Threats:  The key threats to increasing house prices are:

·         Wider wars breaking out – either related to Russia, Iran, Syria or other country

·         China property bubble popping – causing a global financial meltdown

·         Currency wars leading to trade wars leading to world wars – countries around the world started currency wars after 2008 financial crash (all currencies are fiat) – and recently the EU/USA started a trade war with Russia

Military Angle:   As the UK military might has faded over the last few decades, and its importance within NATO has waned  -  also after failed excursions in Iraq, Afghanistan and Libya etc – the appetite for waging more wars is at an all-time low. The Parliament voting against intervention in Syria despite chemical attacks last year was a turning point. There seems little political will to get heavily involved again.

Island Security:  Geographically, it’s important to note that the UK is a group of Islands, far to the NW of Europe and far from Russia and the Middle East, with no open borders and a large coastline. This means security is high in the UK compared to most countries – particularly with a large population and many ports. As more security issues have broken out throughout the Middle East and now in Ukraine, more foreign investors are choosing to invest in the UK and buy London property as a safe haven during these escalating times of uncertainly. The UK is also far less reliant on Russian gas, and has a reasonable oil production – about 75% of its consumption - in case of energy crisis/cut-off. All these aspects are considered by foreign investors when investing their cash – and London’s global stature looks to be increasing if anything through the years. This is another reason why we can expect to see London property prices rising in the next 18 months – the situation with Russia will probably stimulate this even further.

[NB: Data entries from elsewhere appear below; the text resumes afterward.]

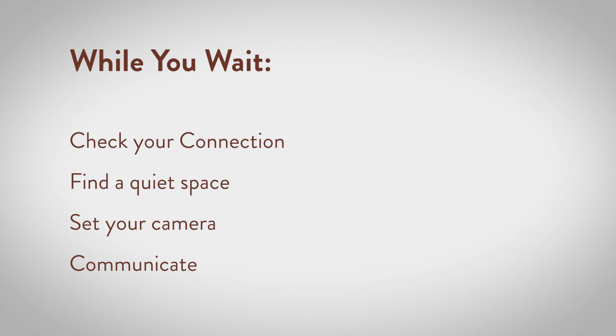Find a quiet space. Adjust settings for your camera, microphone, and speaker. Make sure your speakers are unmuted and also that your volume level is adjusted appropriately. You can also adjust the volume at the bottom of the video visit window. Headphones or earbuds may help with audio quality.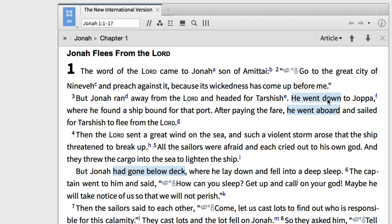In 1:3 it appears as 'he went down, then he went aboard,' and in 1:5 as 'had gone below deck.' Jonah's unexpected act of fleeing from the Lord's command is highlighted by the repetition of this verb, which signals that Jonah's spiritual descent mirrors his physical descent away from the presence of the Lord.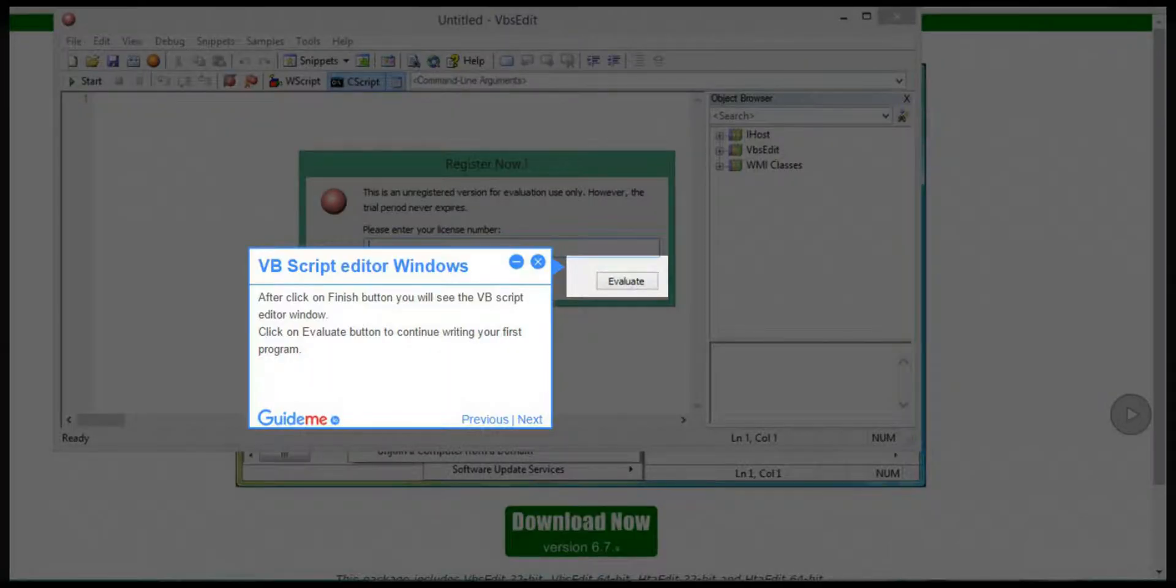Step 8: VBScript Editor Windows. After clicking on Finish button, you will see the VBScript Editor window. Click on Evaluate button to continue writing your first program.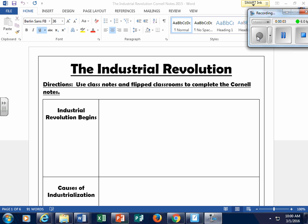Hello, students. This is Mr. Marderone, and we are beginning our unit on the Industrial Revolution. I'm going to be joined in the next couple of videos with a couple of your classmates — they're going to jump in and change things up a bit. So today in our flipped classroom, you guys want to have out your Cornell notes that deal with the Industrial Revolution.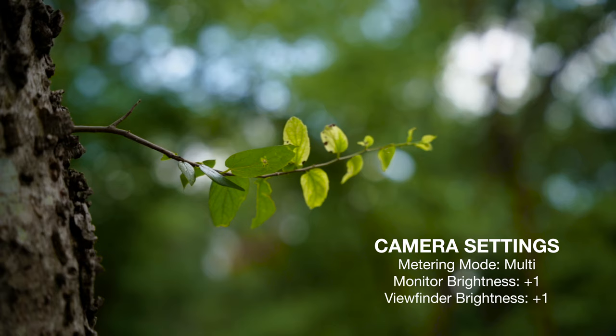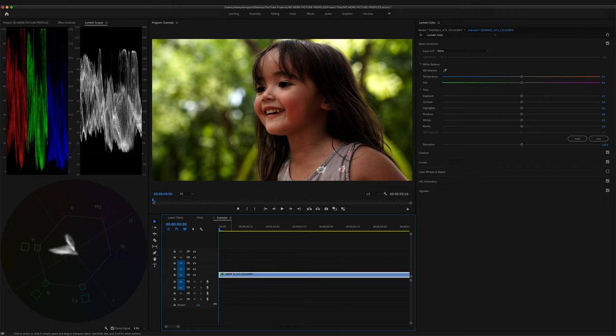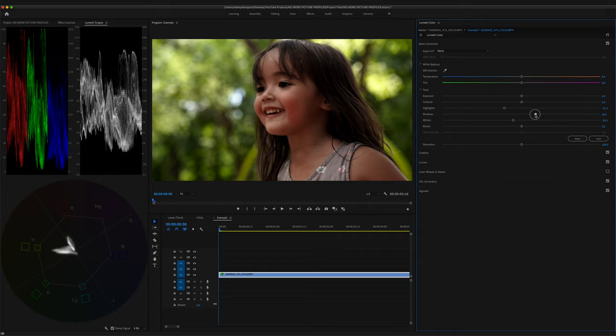Now let's bring that footage into Premiere Pro and see what it looks like. And boom — everything looks great. If you wanted to do a bit of tweaking, all you have to do is mess around with the basic correction panel. Most times I just mess around with the highlights, the shadows, and the white levels. No need to mess around with S-curves or color wheels if you don't want to. Minimum color grading at its finest.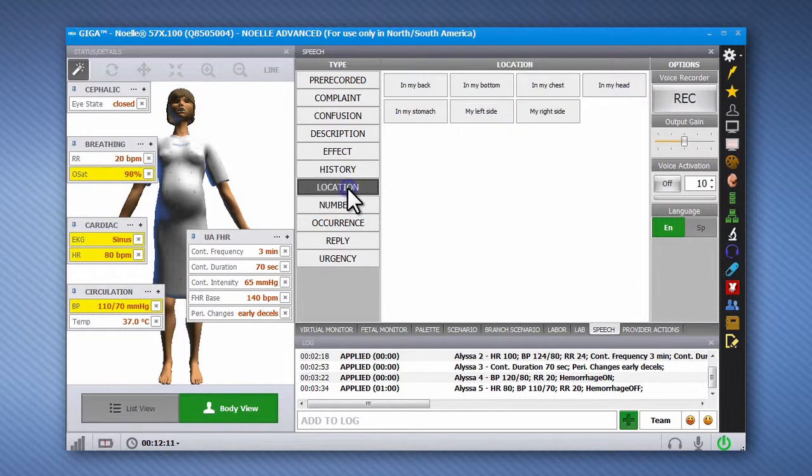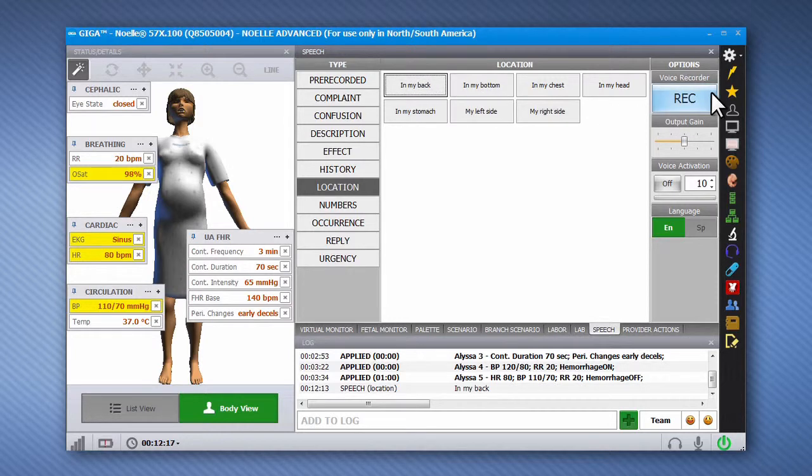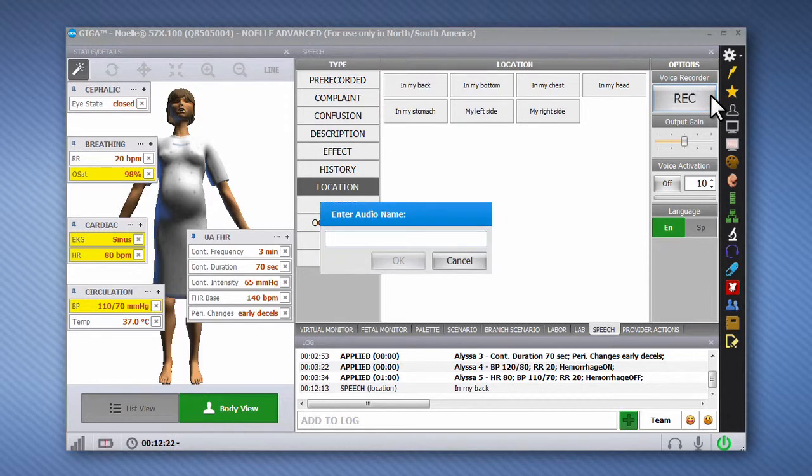To have Noelle speak aloud, press the applicable phrase or response for the situation. In addition, the built-in speech recorder allows the operator to record custom phrases to expand the speech library.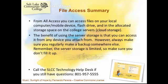However, always make sure you regularly make a backup of that somewhere else. Also beware the server storage is limited to a few hundred megabytes, so make sure that you don't fill it up. Call the SLCC Technology Help Desk if you still have any questions at 801-957-5555. Thanks for watching.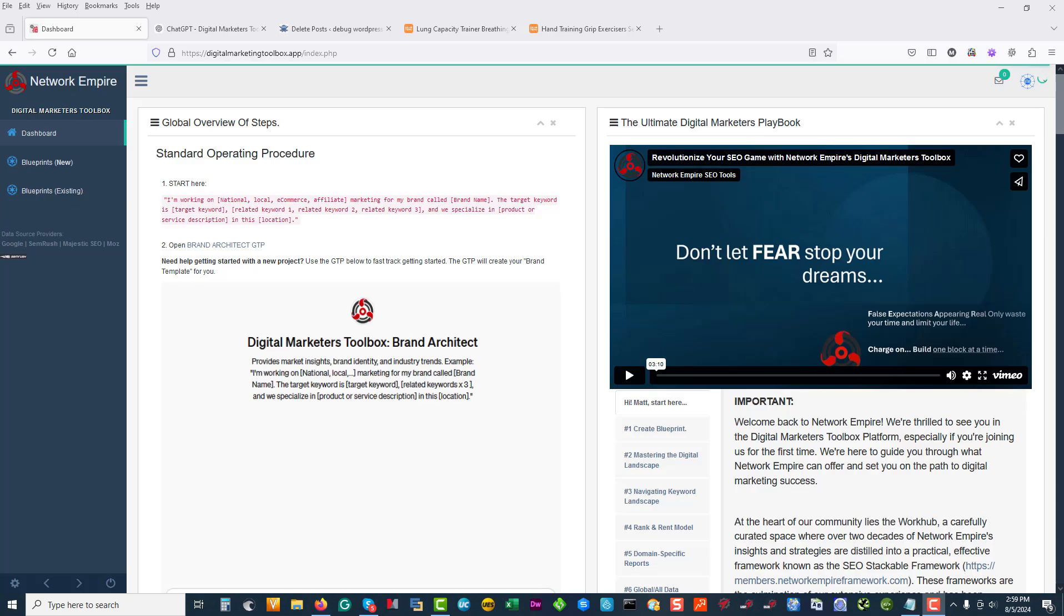Hey guys, welcome to Network Empire. This is Matt, and in this short video series I'm going to walk you guys through step by step how to get your digital marketing blueprint set up and running.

Next Election:  As the economy improves, property prices rise further and employment increases, the chance the Tories might win a majority or at least enough to form another Coalition with the Liberal Democrats has increased somewhat. We still believe Labour will get a majority in the May 2015 Election, but it looks less likely just at this time compared to a few months ago, particularly as inflation has dropped and this has taken the wind out of the sales of their “cost of living crisis” and energy price arguments. All parties have got plenty to play for, though if Labour win power, we expect London property prices to drop sharply – Labour would undoubtedly raise taxes on London property owners and put proceeds into social spending – largely in northern cities and the more deprived urban areas/regions and Scotland.

Scotland:  If the Scottish vote for Devolution, we can expect the Tories to win every General Election henceforth because of the number of Labour seats in Scotland, many with small electoral roles. It looks most likely the Scottish will vote “no” to independence, though there are signs the “yes” vote has increased recently. If the Scots vote “yes” in May 2015 – we expect Scottish property prices to drop very sharply because of the uncertainly around currency, country financing, debts, banking and lending plus a sharp drop in “foreign” investment expectations. It would even be difficult to set a price for property because a new currency would need to be created and floated into the market – with uncertain exchange rate against both the pound, dollar and Euro. It’s still very uncertain whether Scotland would be allowed to join the Euro because it might not meet their criteria for entry – it would need to apply. Overall, a yes vote would create political turmoil both in Scotland and south of the border that would certainly affect property prices.

2014 Boom:  So the scene is set for increasing property prices through 2014 then into a period of uncertainty in 2015 that could knock back prices if either Labour form the next government, and/or Scotland votes for independence. The scenario that would lead to highest property prices would be the Tories forming the next government and a “no” vote in Scotland, with a secession of security tensions with Russia and the China property bubble not going pop – with subdued oil prices.